On Thu, Oct 20, 2005 at 05:56:12PM +0200, Eric Dumazet wrote:
> Dimitri Sivanich a écrit :
> >Just bringing up a latency issue I've noticed recently.
> >
> >In or around 2.6.14-rc4 some changes were made to have the call to
> >kmem_cache_free() from file_free() in the Linux kernel be deferred, running
> >as a tasklet via file_free_rcu(), rather than running kmem_cache_free()
> >right from file_free() directly.
> >
> >I've noticed that rcu_process_callbacks() can take quite a while to run
> >now that it routinely calls file_free_rcu() to run kmem_cache_free().
> >This can make the cpu unavailable for 100's of usec on 1GHz machines, with
> >or without preemption configured on (much of this path is non-preemptible).
> >
> >This can result in some unpredictable periods of fairly long cpu latency,
> >such as when a thread is waiting to be woken by an interrupt handler on a
> >'now quiet' cpu. Changing file_free() to call kmem_cache_free() directly
> >completely eliminates this unexpected latency.
>
> Well, you cannot change file_free() to call kmem_cache_free() directly, or
> risk corruption/crash.
>
> See Documentation/RCU/UP.txt
OK. I'll have to look at this more closely. I simply ran across this as a
substantial change between this and earlier kernels and decided to test
against the original file_free()->kmem_cache_free() code to ensure that that
alone was indeed the issue (for the circumstance I'll describe below).
>
> Dont you notice latency issue with other RCU protected data, like dentries ?

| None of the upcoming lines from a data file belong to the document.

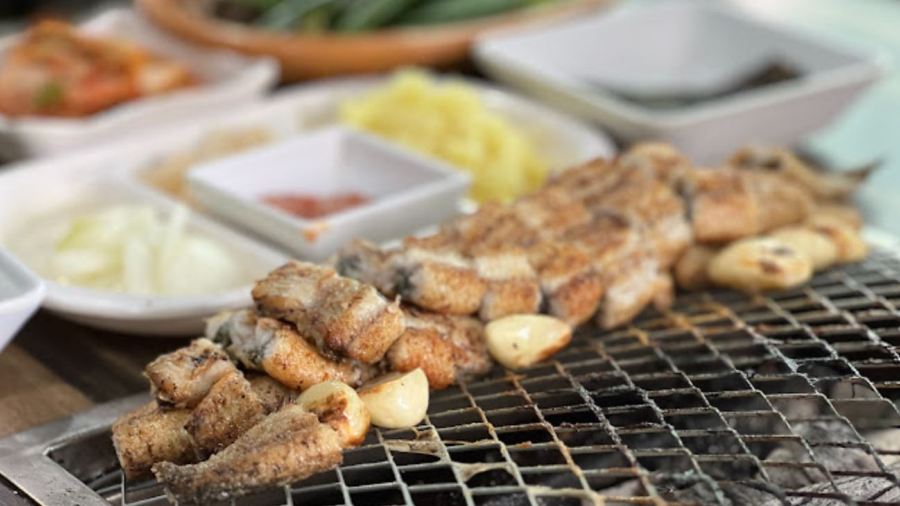 Pungcheon Jangeo(eel)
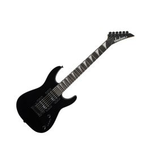 Jackson JS Series Dinky Minion Jackson JS1X Black 2/3 Scale Electric Guitar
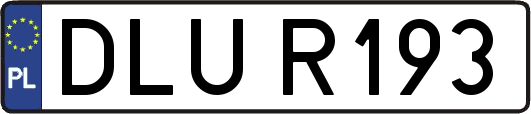 DLUR193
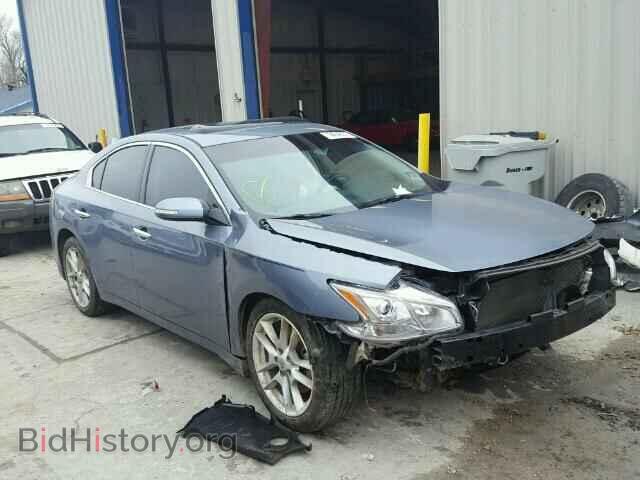 Фотография 1N4AA5AP8BC855207 - NISSAN MAXIMA 2011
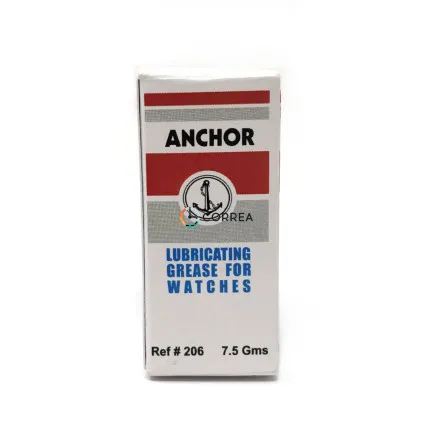 Густая смазка для механизмов наручных часов Anchor #206 - 6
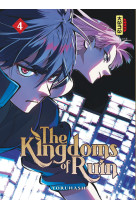 The Kingdoms of Ruin - Tome 4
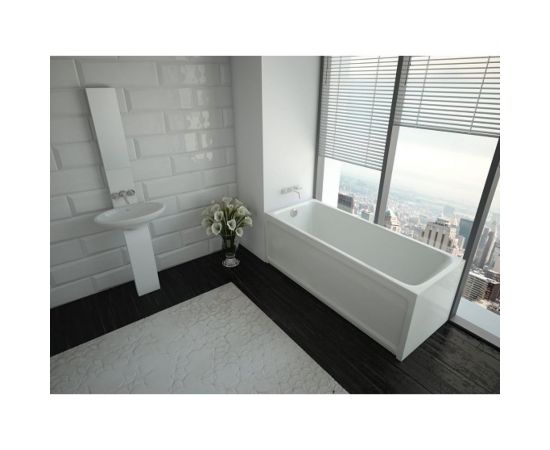 AQUATEK Ванна Мия прямоугольная 120 00000066289 – изображение 3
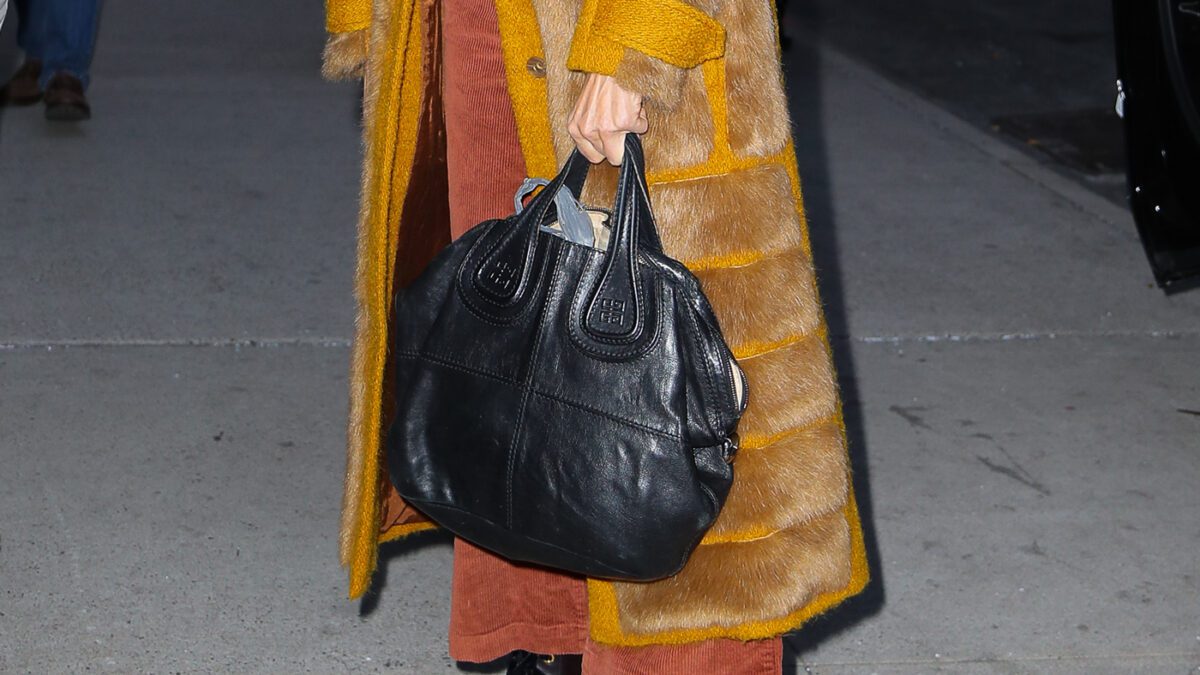 Givenchy nightingale tote outlet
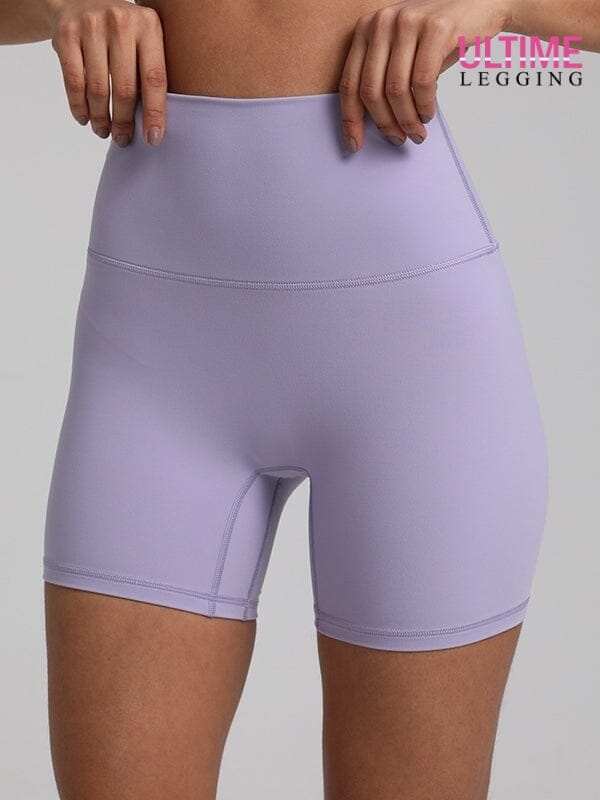 Short Ventre Plat Sport - Ultime-Legging Shorts Ultime-Legging sa Lila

No, but here's the circumstance under which I notice this:
I'm running on a single cpu of an SMP system (4 cpu). When I hit this I'm in
a situation where I've written some file data, and am now sleeping waiting to
be woken up. No other threads are running on that cpu other than a few kernel
threads, so all is fairly quiet.
By the simple one line change (file_free() calling kmem_cache_free() again),
I'm always woken up very quickly. Too bad we cannot revert back that way
with the rcu changes.
>
> BTW a change in 2.6.14-rc5 might give different latency results.
I'll look at this as soon as I get a chance.